The 35-year-old American on Team Garmin-Sharp had stalked long enough. After trailing Stage 5 winner and yellow jersey owner Chris Horner, Danielson saw Empire Pass, the grueling grand finale climb of the 2013 Larry H. Miller Tour of Utah, as a chance to change his fortunes.
For much of his career, Danielson has second-guessed himself in those sink-or-swim moments. But on Sunday afternoon in Summit County, he figured he’d try something else.
“I don’t like to just be a guy in the peloton,” he said.
He isn’t anymore. Danielson is the 2013 Tour of Utah crown holder.

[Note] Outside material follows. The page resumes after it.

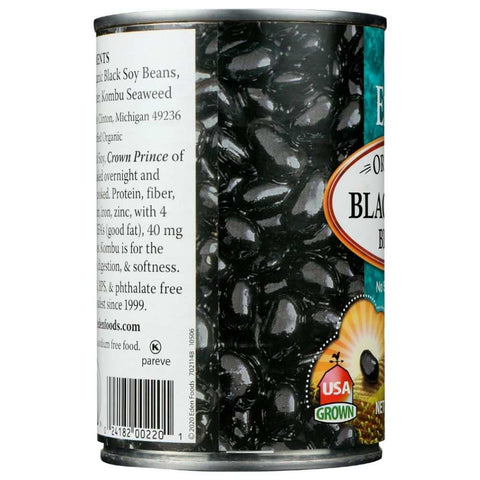Black Soybeans Organic 15 oz EDEN FOODS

After a memorable second-place finish behind Horner in Saturday’s Stage 5 at Snowbird Resort, Danielson, the Tour de France vet, viewed the final climb up Empire Pass as one perfectly suited for him.
“I knew I had to take everyone to their limits, including myself,” Danielson said.
He did exactly that, upping the ante.
Needing time to catch Horner and having a shot at the center of the podium, Danielson passed Horner on the ascent up Empire Pass and didn’t look back, leaving the former leader of the general classification in his wake.
With each pedal of his bike, he distanced himself up the hill and eventually caught the descent down the old mine road toward Park City. Danielson didn’t win Stage 6; he was eventually caught by Francisco Mancebo, the stage winner, and Janier Calle Acevedo, who finished third.
But that didn’t matter.
It was Danielson’s surge up a punishing mountain that delivered him the Tour of Utah title. He distanced himself from Horner enough to own the yellow jersey, soak in the cheers and eventually douse spectators in champagne.
“That’s who we are as professional cyclists: We’re very determined people looking for moments like today,” Danielson said. “We’re not out there just trying to make money or anything else. We’re out there trying to seize that moment.”
Horner, who finished second overall in the GC, said it wasn’t difficult to foresee Sunday playing out the way it did after Danielson’s tremendous chase Saturday in Stage 5.
“I always race by facts, and [Saturday], tactically, we raced a brilliant race,” Horner said. “Today, no amount of tactics could help when Garmin did the job at the bottom to put everyone in the red and allow Danielson to get away.”
Before Danielson put himself in an opportunity to charge for victory, long before he showed up in Utah before the six-stage, 586-mile event, he questioned what he was doing in a sport he’s been pro in since 2002 after suffering an injury early at the Tour de France.
“I had a lot of time to reflect while I was getting my head kicked in in that race,” Danielson said. “When I came home, it was pretty clear to me: I’m doing it to win races.”
Hoping for experiences like Sunday. That’s why Danielson parted dark clouds hovering over himself and his career in the weeks leading up to the Tour of Utah.
“I think it’s because I love cycling too much,” he said. “I’m too afraid to lose it, so when I get to that moment, I almost choose to not take it because I’m afraid if I do take it and I don’t succeed, then I failed.”
There couldn’t have been a more different script in Park City.
Danielson’s performance in the final two stages ensured his owning of this year’s Tour of Utah yellow jersey, giving him no more room for second-guessing.